What you should do: Exact reproduction of all the data is required, with pictures excluded.
━━━━━ Data extract
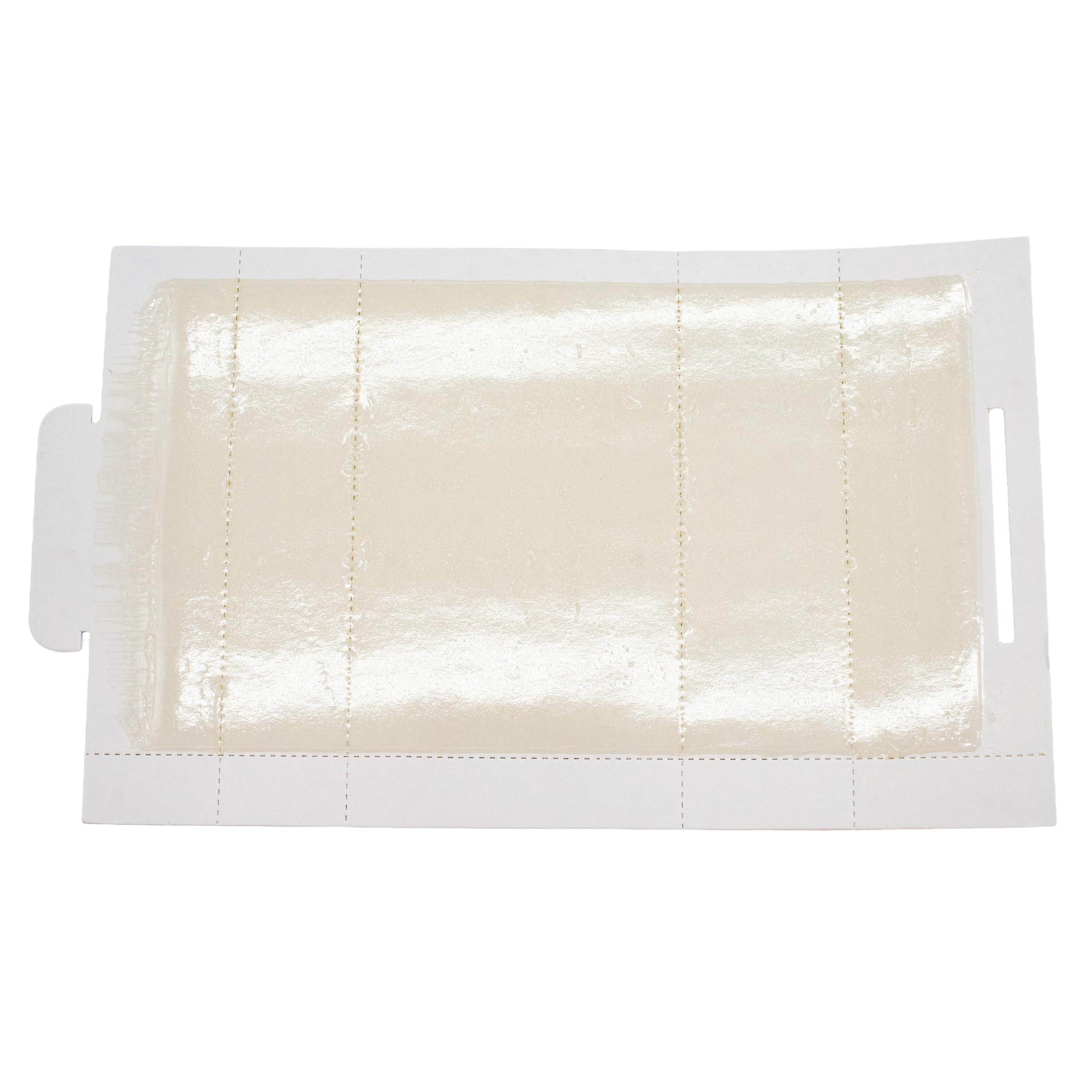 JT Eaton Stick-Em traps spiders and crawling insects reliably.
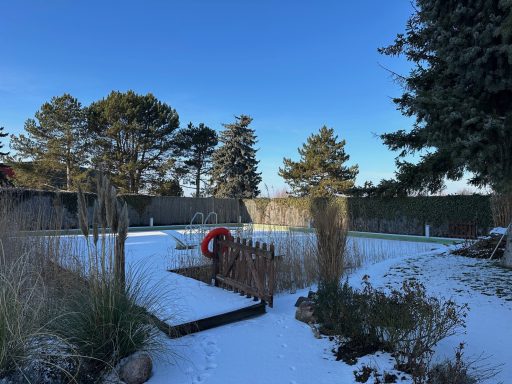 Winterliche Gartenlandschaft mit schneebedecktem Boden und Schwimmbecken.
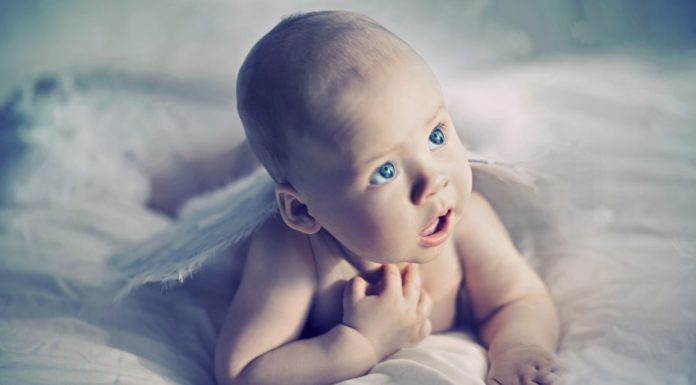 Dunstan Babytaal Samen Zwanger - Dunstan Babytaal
━━━━━━━━━━
The completed task:
 JT Eaton Stick-Em traps spiders and crawling insects reliably.
 Winterliche Gartenlandschaft mit schneebedecktem Boden und Schwimmbecken.
 Dunstan Babytaal Samen Zwanger - Dunstan Babytaal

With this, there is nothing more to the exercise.